Berührungsängste sind schnell verflogen
Die studierte Sozialpädagogin und Betriebswirtin arbeitet seit 2024 im Münchner Förderzentrum Freimann. Vorher war sie in einem anderen Bereich tätig und kennt die Befürchtungen und Ängste, die viele Freiwillige bei einem ersten Besuch in der Einrichtung haben, aus eigenem Erleben. „Kann ich das? Muss ich pflegen? Was soll ich reden? Verstehe ich die Person überhaupt? Dies sind Fragen, die viele Freiwillige am Anfang haben. Wir verstehen das,“ sagt Jennifer Melzl. Interessierte Freiwillige können deshalb vorbeikommen und sich umschauen. „Unsere Bewohner führen dann durchs Haus und man bekommt einen ersten Eindruck,“ erklärt die Freiwilligen-Koordinatorin. „Man läuft hier über den Flur, lächelt sich an und schon ist man mittendrin.“
Freiwillige erhalten viel Unterstützung
Wer sich für ein Engagement als Freizeit-Begleiter:in entscheidet, erhält viel Unterstützung. „Beim ersten Treffen ist immer jemand aus dem Haus dabei.“ berichtet Jennifer Melzl, „Wir führen durch die Einrichtung und zeigen, was beim Schieben eines Rollstuhls beachtet werden muss.“ Zusätzlich bietet das Münchner Förderzentrum Freimann Öffentlichkeitstrainings an. Hier erfahren die Freiwilligen, worauf sie unterwegs achten sollten. „Es gibt nichts, was man nicht erklären kann,“ sagt die Freiwilligen-Koordinatorin, „Freiwillige können die Freizeitbegleitung einfach mal ausprobieren. Wenn das Tandem nicht passt, aber der Ehrenamtliche weiterhin Lust hat sich zu engagieren, dann suchen wir eine neue Tandempaarung oder ein ehrenamtliches Angebot, an dem die Person sich engagieren kann.“
Doch die Erfahrung der Sozialpädagogin ist, dass die Bewohner:innen viele Befürchtungen abnehmen. Sie sagen klar, was sie brauchen und möchten. „Unsere Bewohner:innen sind sehr geduldig und helfen mit. Man trifft hier auf gut gelaunte Menschen und hat viel Spaß, „sagt Jennifer Melzl, „und man bekommt schnell ein Gespür dafür, was sie brauchen.“
Gemeinsam Neues entdecken und schöne Erfahrungen ermöglichen
Bei der Vermittlung der Freizeit-Tandems nehmen sich Jennifer Melzl und ihre Kolleg:innen viel Zeit. „Ich führe ein ausführliches Erstgespräch mit dem oder der Freiwilligen und erfahre viel von den Wünschen und Interessen. Anschließend schauen wir, wer zu wem passen könnte.“ Beim ersten Kennenlernen ist immer jemand aus der Einrichtung dabei.

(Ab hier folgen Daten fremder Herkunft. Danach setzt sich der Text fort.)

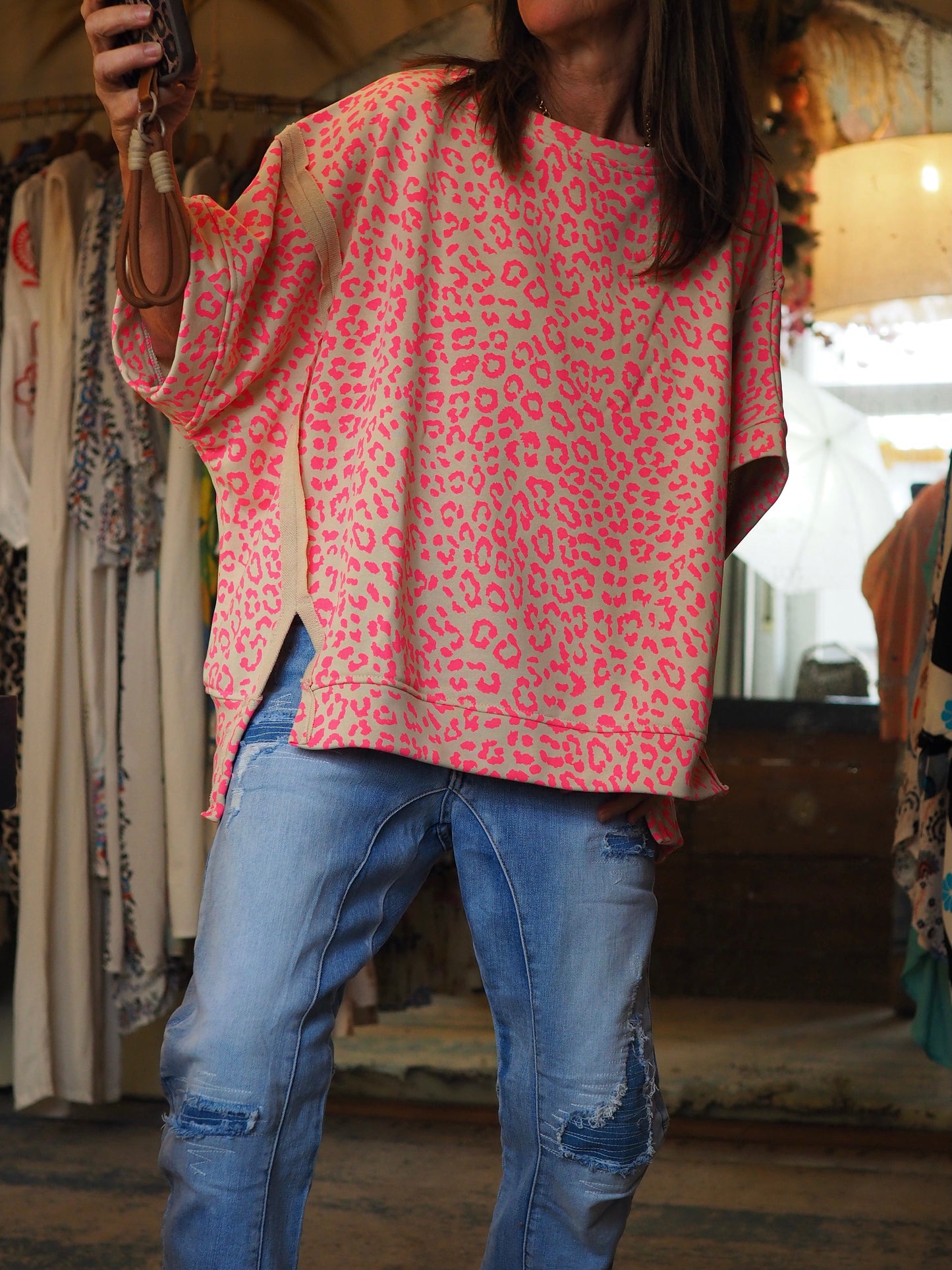 Magnifique sweat oversize fond beige motifs roses fluos.
80% Coton 20% Polyester.
Taille unique convient du 36 au 46 et plus.
Tour de poitrine 184cm Longueur dos 71cm.
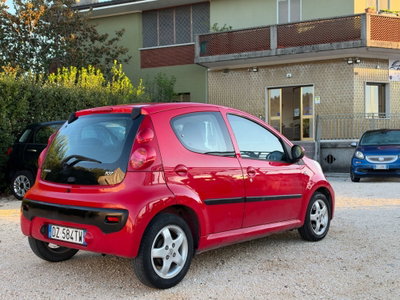 Peugeot 107 68CV 5p. Desir (3)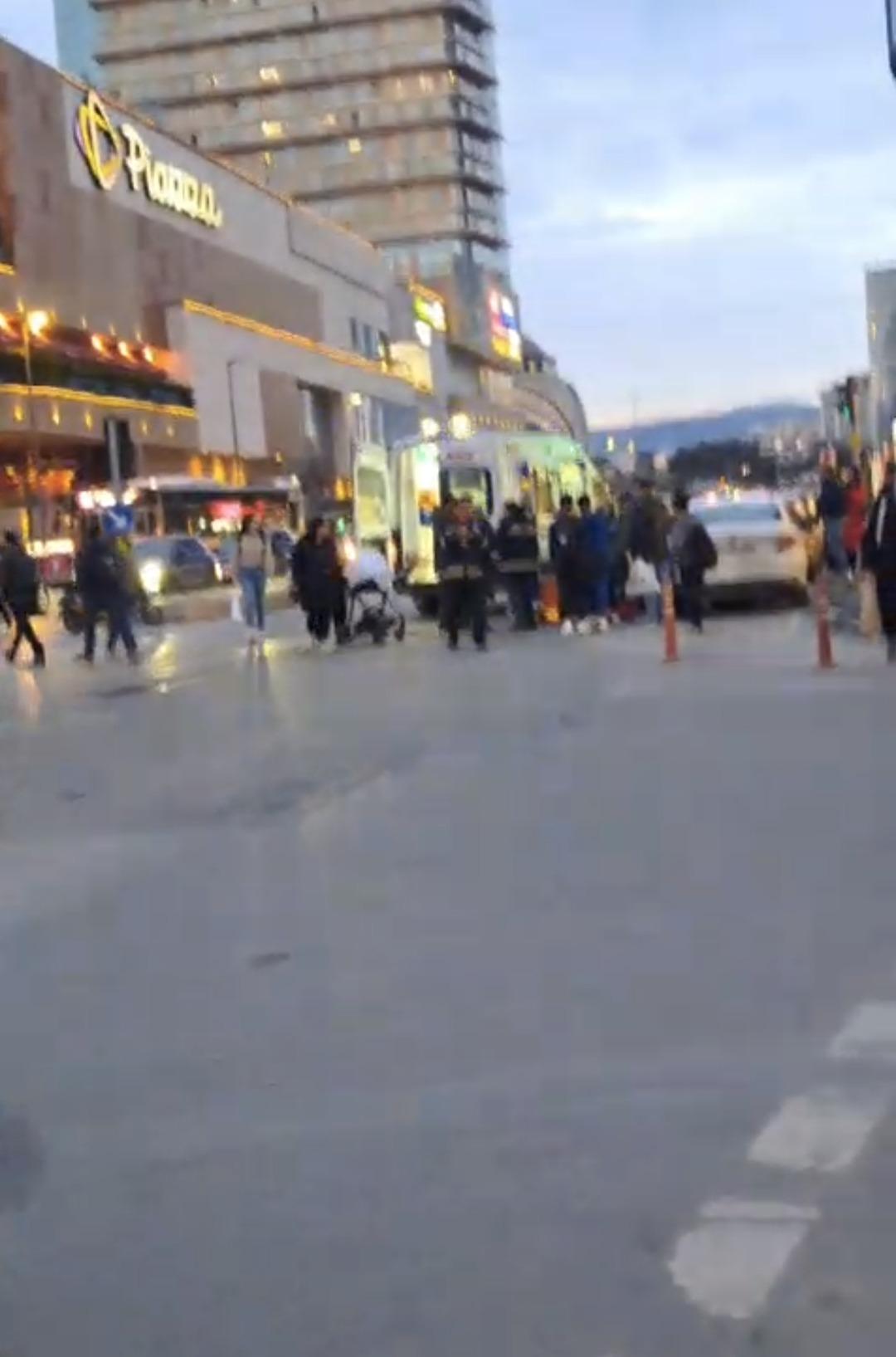 Kahreden olay! 16 yaşındaki &ccedil;ocuk bebek arabasına &ccedil;arptı: 2 yaşındaki Arya hayatını kaybetti 2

Ehrenamtliche bekommen selbst viel zurück. „Unsere Bewohner:innen sind sehr dankbar und ehrlich,“ berichtet Jennifer Melzl, „Sie freuen sich und sind voll dabei. Die Freiwilligen merken, dass sie jemandem eine Freude machen und können viel Neues entdecken.“
Für die Freiwilligen-Koordinatorin selbst ist es ein besonderes Highlight, wenn die Bewohner:innen von einer Unternehmung glücklich zurückkommen und erzählen, dass sie so eine schöne Erfahrung gemacht haben. „Sie haben dann leuchtende Augen und erzählen sehr viel,“ freut sich Jennifer Melzl.